Perfect solution to validate a password

Question

I took an online JavaScript test where the 3rd problem was as follows:

Complete the checkPassword function, which should check if the password parameter adheres to the following rules:

• Must be longer than 6 characters.
• Allowed characters are lower or uppercase Latin alphabetic characters (a-z), numbers (0-9), and special characters +, $, #, \, / only.
• Must not have 3 or more consecutive numbers (e.g. "pass12p" is fine, but "pass125p" is not, because it contains "125")

>

My solution was as follows:

function checkPassword(password) {
  return /^[a-zA-Z0-9\+\$\\\/#]{6,}$/.test(password) && !/[0-9]{3,}/.test(password);
}

This solution gave me the correct outputs for the given inputs.

But the ultimate test result told that the solution is just 75% correct sadly.

I think the perfect answer is expected to be a solution just with a single regular expression. Is there anyone who can give me a single regular expression that gives the same result? I am not so good at regular expression so please advise.

I appreciate your help in advance.

Answer 1

Just use a negative lookahead at the start.

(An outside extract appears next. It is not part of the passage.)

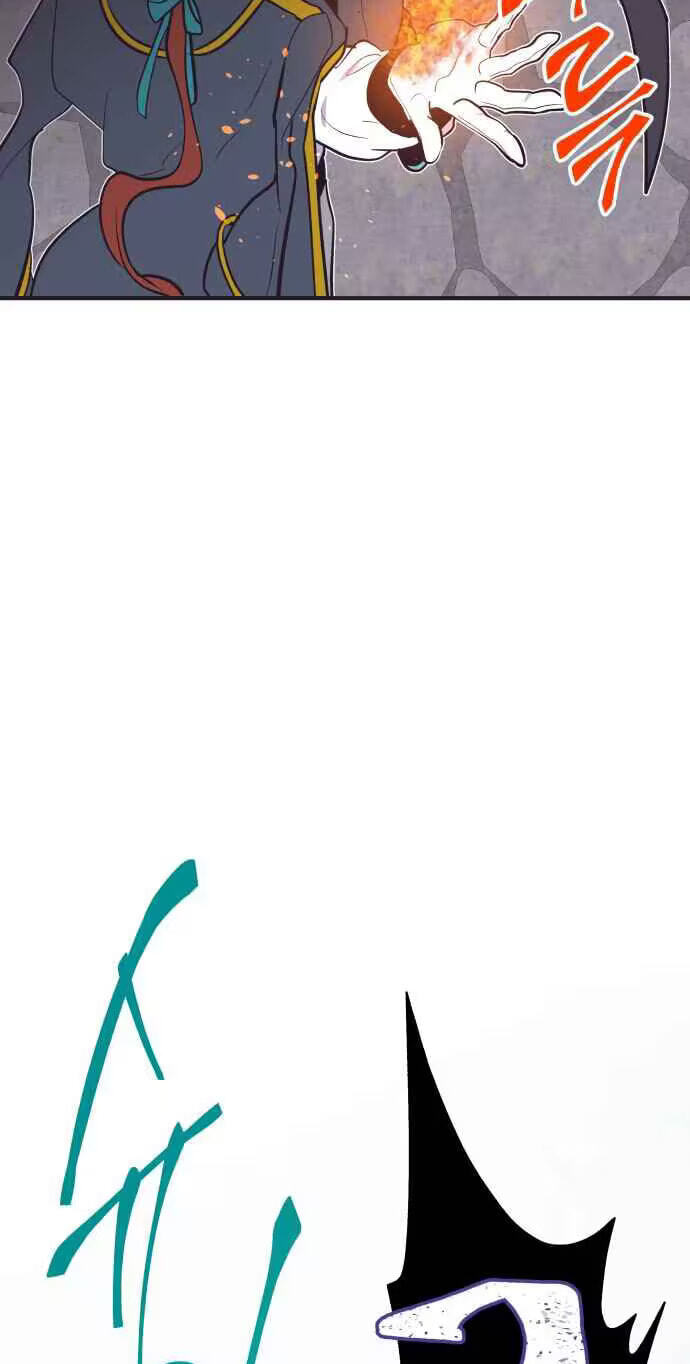 Netsiui Bimil Chapter 1 page 92 -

^(?!.*?\d{3})[a-zA-Z0-9\+\$\\\/#]{6,}$

(?!.*?\d{3}) at the start asserts that the match won't contain atleast three consecutive digits. Then the regex engine tries to match the pattern [a-zA-Z0-9\+\$\\\/#] against the input string 6 or more times only if this condition is satisfied.

DEMO

Answer 2

 ^(?=.*\d)(?=.*[a-z])(?=.*[A-Z])[a-zA-Z\d]{6,}$

For consecutive number check

    public boolean isValid(final String userName,final String password) { 
    for(int i=0;(i+2)<userName.length();i++) if(password.indexof(userName.substring(i,i+2))!=-1) return false; return true; 
}